Exercise directions - From the data below, copy exactly the lines that lie between the one holding "ColsBM Alexia Petal" and the one holding "NWT Anna-Kaci Lace", including both, and nothing more.
╭──
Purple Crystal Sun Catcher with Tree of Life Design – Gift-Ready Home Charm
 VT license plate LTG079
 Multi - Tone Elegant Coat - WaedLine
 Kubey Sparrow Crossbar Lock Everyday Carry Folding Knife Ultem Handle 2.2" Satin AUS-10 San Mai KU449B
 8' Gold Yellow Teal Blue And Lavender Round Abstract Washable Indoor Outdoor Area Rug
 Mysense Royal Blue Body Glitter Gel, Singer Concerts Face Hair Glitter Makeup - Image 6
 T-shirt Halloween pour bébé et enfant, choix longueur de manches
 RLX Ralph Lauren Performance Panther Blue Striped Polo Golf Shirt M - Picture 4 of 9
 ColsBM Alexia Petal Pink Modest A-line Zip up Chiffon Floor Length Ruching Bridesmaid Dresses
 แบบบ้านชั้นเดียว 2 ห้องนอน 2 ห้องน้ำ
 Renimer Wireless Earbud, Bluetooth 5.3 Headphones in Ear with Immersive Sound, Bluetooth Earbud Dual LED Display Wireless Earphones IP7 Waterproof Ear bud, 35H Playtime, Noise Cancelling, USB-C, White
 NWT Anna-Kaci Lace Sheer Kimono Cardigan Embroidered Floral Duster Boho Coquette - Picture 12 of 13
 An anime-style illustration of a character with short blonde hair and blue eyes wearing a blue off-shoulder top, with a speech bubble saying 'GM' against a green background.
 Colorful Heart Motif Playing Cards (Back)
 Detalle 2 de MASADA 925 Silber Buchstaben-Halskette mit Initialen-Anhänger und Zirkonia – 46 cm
╰──
Output of the exercise -
 ColsBM Alexia Petal Pink Modest A-line Zip up Chiffon Floor Length Ruching Bridesmaid Dresses
 แบบบ้านชั้นเดียว 2 ห้องนอน 2 ห้องน้ำ
 Renimer Wireless Earbud, Bluetooth 5.3 Headphones in Ear with Immersive Sound, Bluetooth Earbud Dual LED Display Wireless Earphones IP7 Waterproof Ear bud, 35H Playtime, Noise Cancelling, USB-C, White
 NWT Anna-Kaci Lace Sheer Kimono Cardigan Embroidered Floral Duster Boho Coquette - Picture 12 of 13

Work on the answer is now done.